- _Task objective_
What is wanted is every line below from the one with "So I found this" up to and including the one with "Ensure the patient's", retyped exactly, pictures excluded, nothing else.

[[ Exercise data open ]]

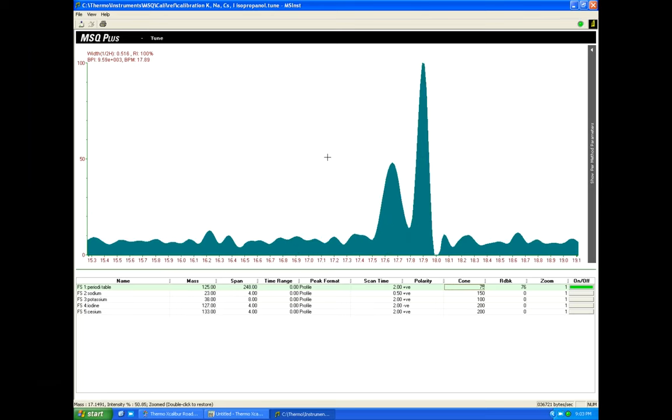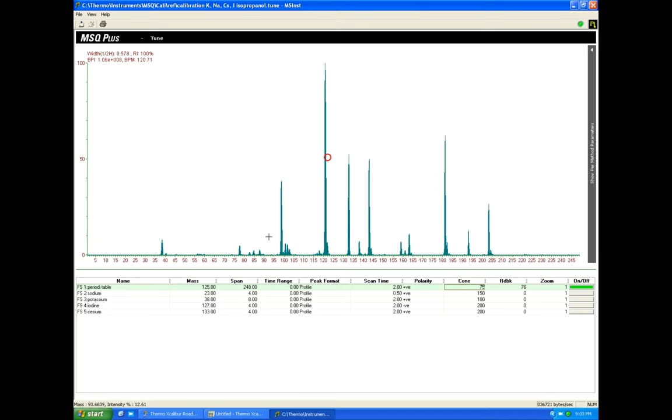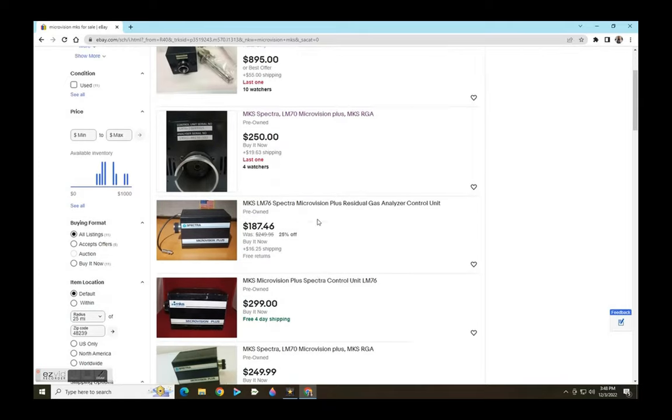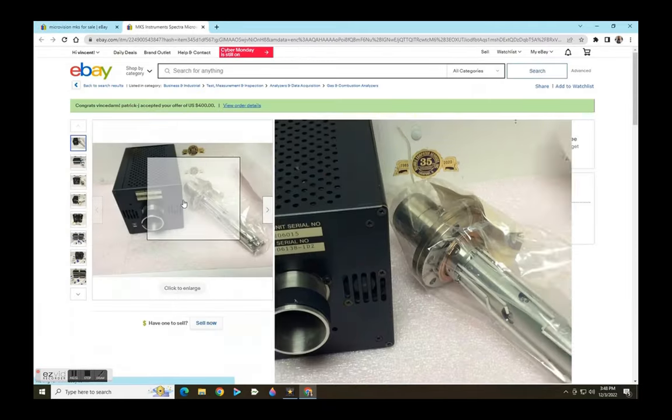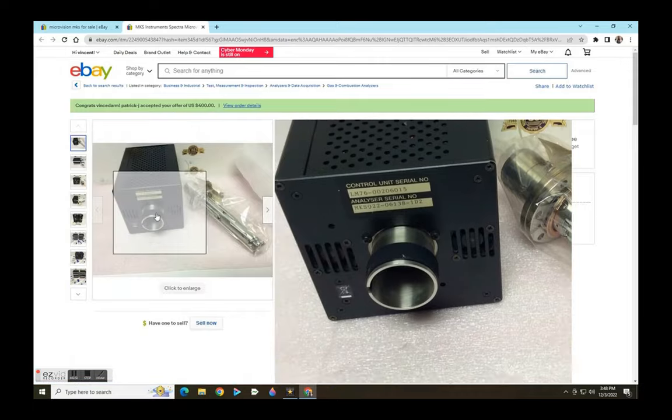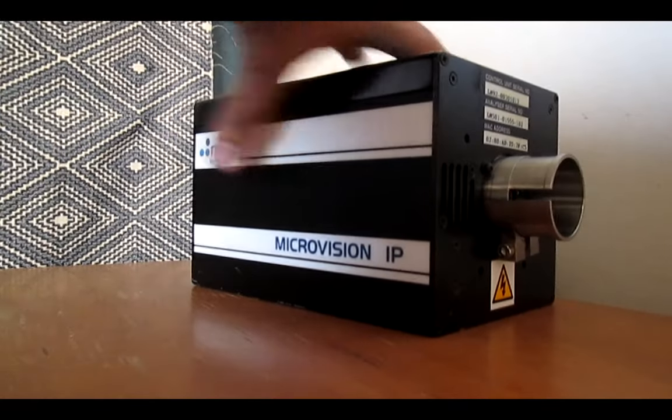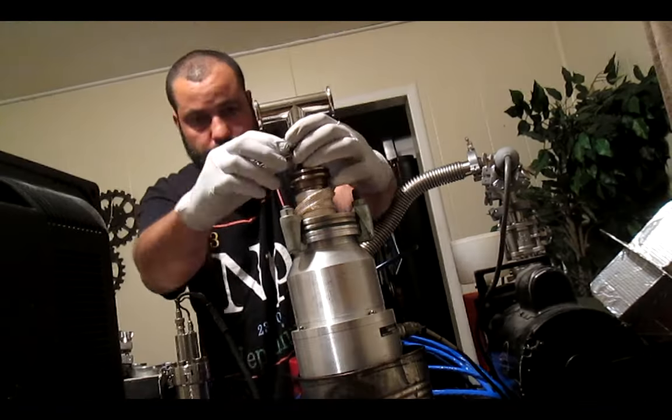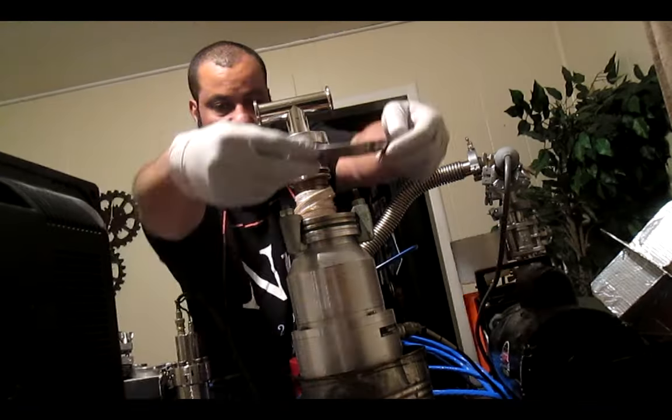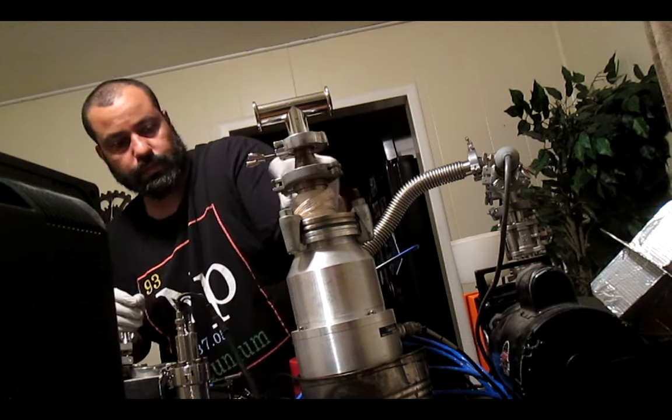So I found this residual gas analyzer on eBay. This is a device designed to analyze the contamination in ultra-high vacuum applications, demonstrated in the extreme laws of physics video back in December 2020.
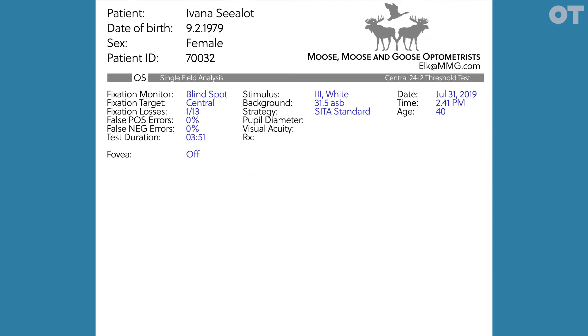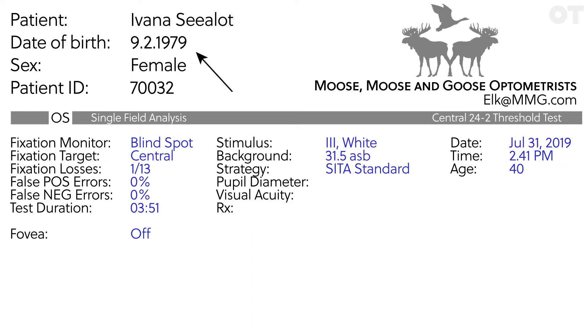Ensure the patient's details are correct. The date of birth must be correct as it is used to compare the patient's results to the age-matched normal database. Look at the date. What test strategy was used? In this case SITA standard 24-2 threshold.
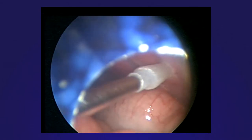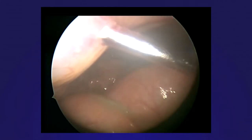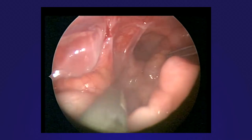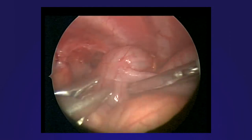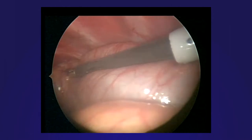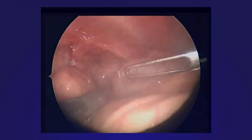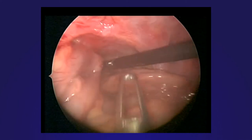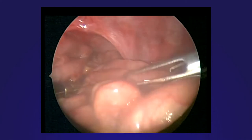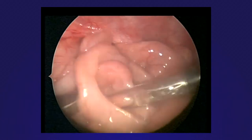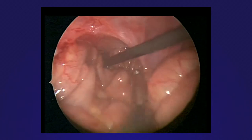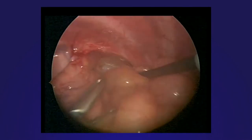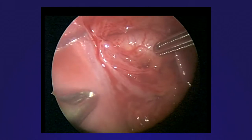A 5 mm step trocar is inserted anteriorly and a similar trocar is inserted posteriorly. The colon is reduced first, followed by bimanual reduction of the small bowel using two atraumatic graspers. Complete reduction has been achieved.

[[ Exercise data closed ]]
[[ Exercise data open ]]

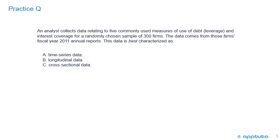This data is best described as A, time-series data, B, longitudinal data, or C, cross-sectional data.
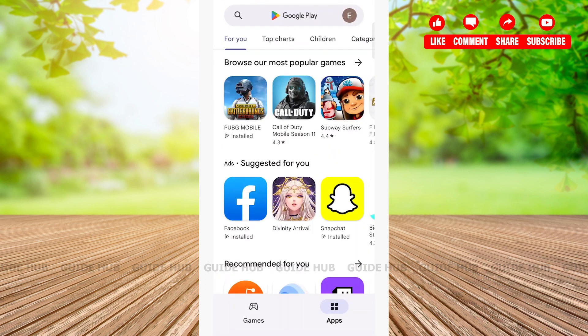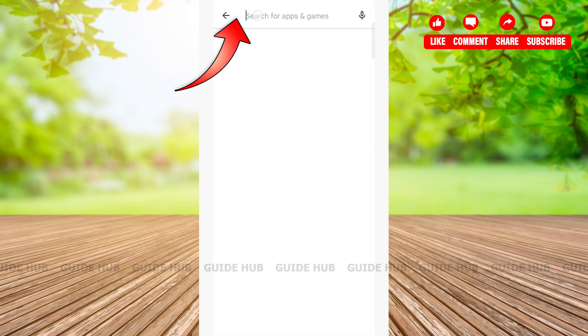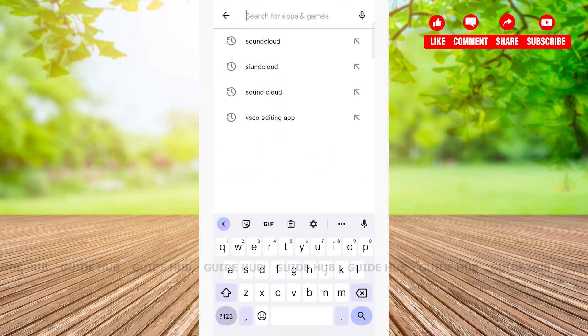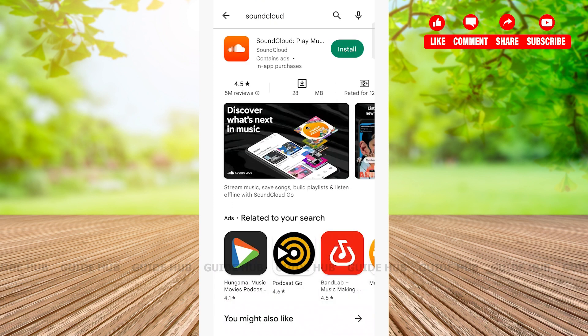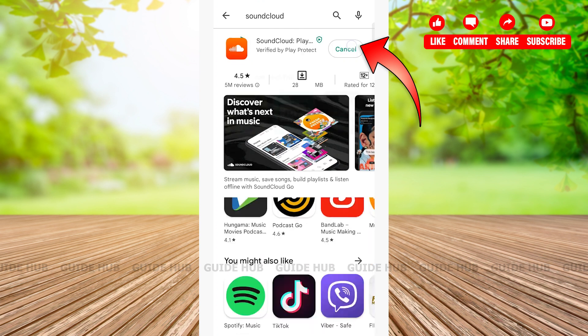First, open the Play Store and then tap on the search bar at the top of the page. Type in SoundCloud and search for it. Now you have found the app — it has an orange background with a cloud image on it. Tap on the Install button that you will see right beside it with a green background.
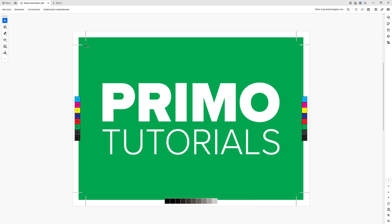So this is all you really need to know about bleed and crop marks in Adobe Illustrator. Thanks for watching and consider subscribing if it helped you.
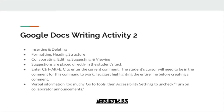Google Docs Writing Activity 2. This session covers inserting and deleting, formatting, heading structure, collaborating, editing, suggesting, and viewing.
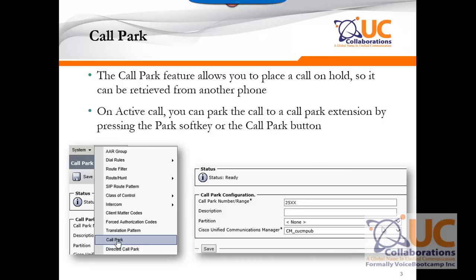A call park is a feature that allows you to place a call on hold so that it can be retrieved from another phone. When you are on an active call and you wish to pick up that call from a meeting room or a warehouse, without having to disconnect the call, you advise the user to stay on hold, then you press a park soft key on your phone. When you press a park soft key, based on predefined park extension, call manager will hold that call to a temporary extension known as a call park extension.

[[ Exercise data closed ]]

- _Output for this task_
So I found this residual gas analyzer on eBay. This is a device designed to analyze the contamination in ultra-high vacuum applications, demonstrated in the extreme laws of physics video back in December 2020.
Ensure the patient's details are correct. The date of birth must be correct as it is used to compare the patient's results to the age-matched normal database. Look at the date. What test strategy was used? In this case SITA standard 24-2 threshold.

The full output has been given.